Jerry Howard 3 Lodge Gardens Hessle UK

in case you think i did something shady, here’s the exact message i sent the school:

“Dear {{ name redacted }}, I am considering a Mr. Jerry Howard for one of our programs and I want to confirm he was a former student who graduated in 2002. His current residence is 3 Lodge Gardens, Hessle. Let me know if I should provide any further information.”
— Ryan Kulp, Lead Instructor, GrowthX Academy

i did not impersonate anyone, and the statement is 100% truthful. but it is surprising how easy it was to request a stranger’s information.

disappointed by this response, i decided i needed more help to ensure my data (from the drivers license) was correct. i needed to be sure Jerry would be served the appropriate legal papers to appear in court.

i hired a “lawyer.”

getting scammed again

long story short i engaged Abdul Akram, a “Barrister” at Akram & Associates Legal Attorneys. he was recommended on some lawyer marketplace.

Abdul was happy to help, exchanging several messages back and forth and then quoting me just $40 USD to file the claim.

he reviewed my materials, asked good questions, i paid him, then…. nothing.

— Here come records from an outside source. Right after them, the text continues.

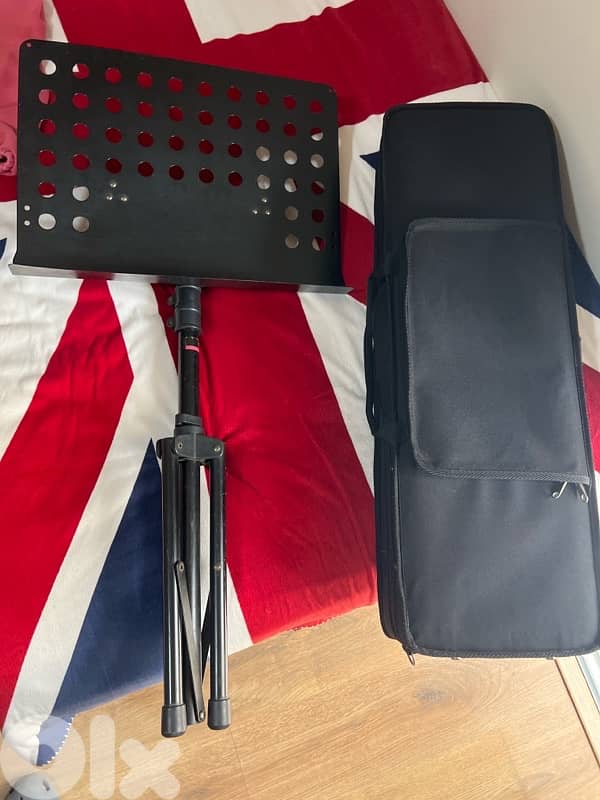 Professional Violin 4/4 class A 4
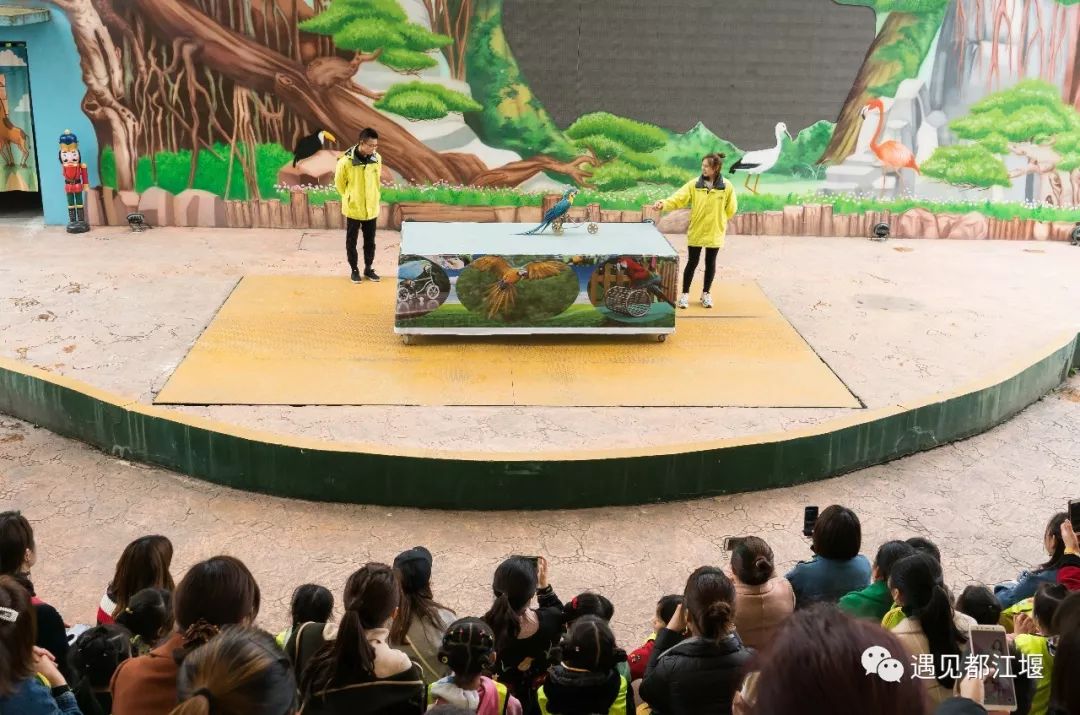 儿童节去哪里好玩,六一都江堰适合1-4岁亲子游的地方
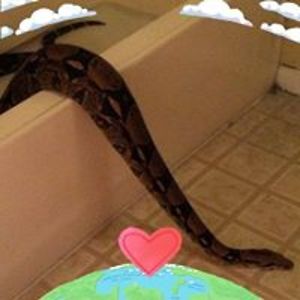 kumagorounokabocha avatar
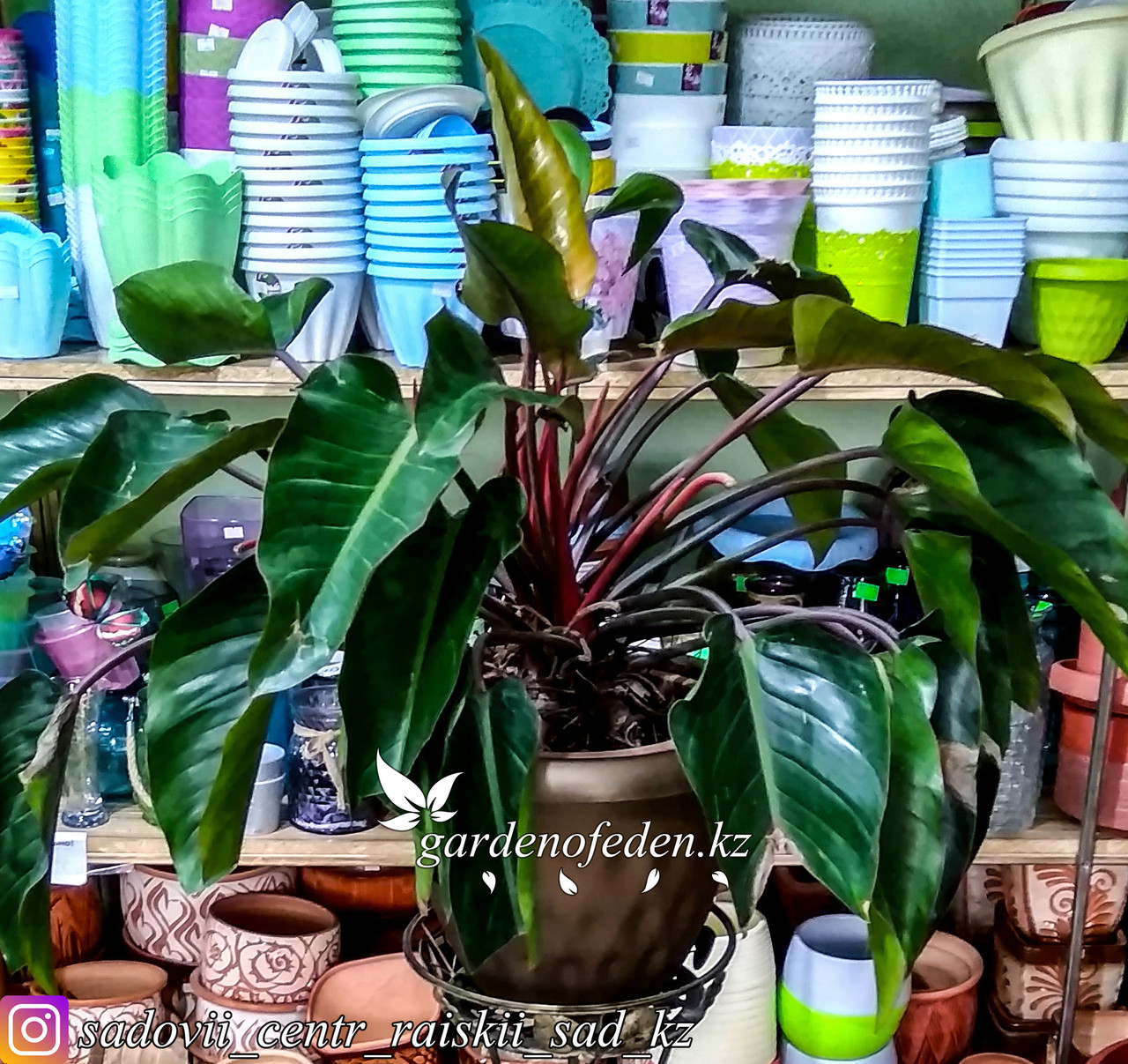 Филодендрон – тропическая лиана с изумрудными листьями (в пластиковом транспортировочном горшке)
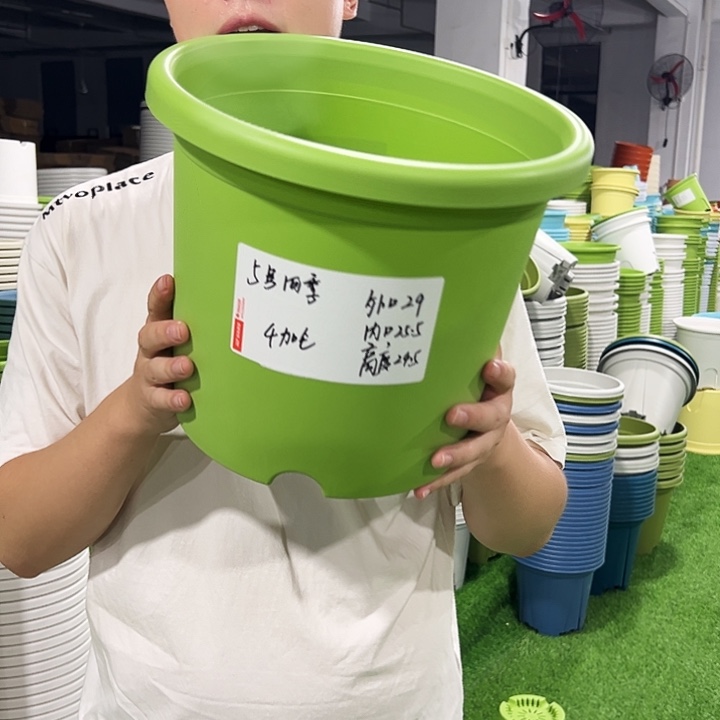 特价5号口29高24.5果绿色5只无托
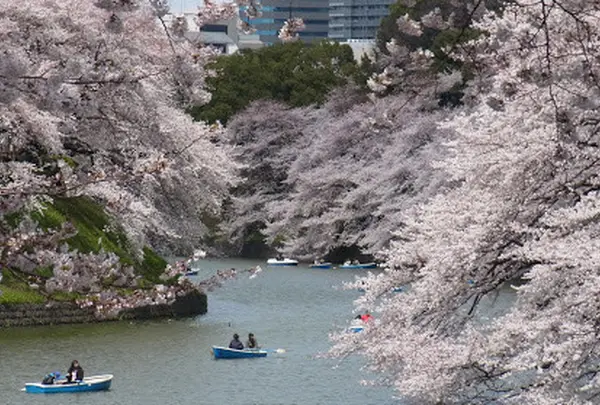 千鳥ヶ淵緑道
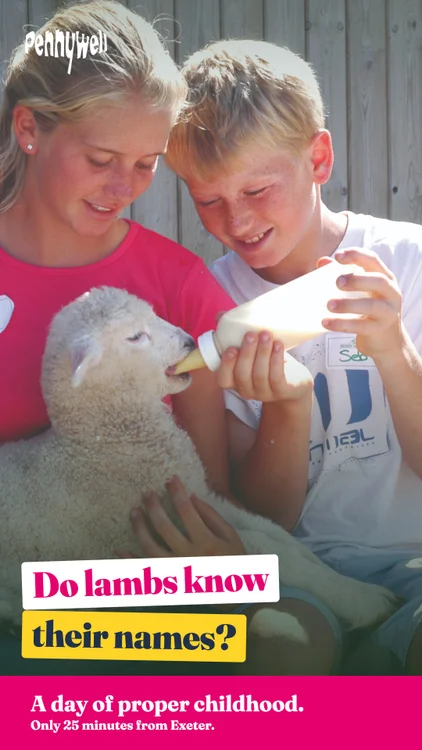 Some days stay with them. Bottle feeding a goat before lunch. Cuddling a piglet until it falls asleep. Pennywell is family-run, on the edge of Dartmoor, and we limit tickets every day so it never feels crowded. Every activity is included.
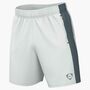 Nike M Nk Df Acd+ Short Gx Hbr (Consumer - summit white/mineral slate/mineral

i was conned while attempting to sue another con artist. classic.

Ryan – 1
Jerry – 0
Abdul – 1

winning twice

while i still had $2,060 left over from my first win, it didn’t sit right to be scammed again.

so i filed my own chargeback request via payment gateway Payoneer, and after 10 days of back and forth evidence collection i won. again.

Ryan – 2
Jerry – 0
Abdul – 0

who wants some?

a few lessons for aspiring online con artists:

  1. only steal from people dumber than you
  2. don’t compete against someone with unlimited resources

with the $40 small claims money back in my pocket, i started digging around for opportunities to prevent Jerry from ever being hired:

a microsite with his drivers license, contact information, and this blog post would be a fun weekend project, and a good use of my SEO skills.

for now i’ve simply titled these image files and alt text values to pilot a page 1 rank attempt. we’ll see.

forgiveness

we all make mistakes. con artist Jerry Howard made a big one.

if he apologies and asks for forgiveness, i’ll give it to him.

the $2,100 is mine though. i earned it.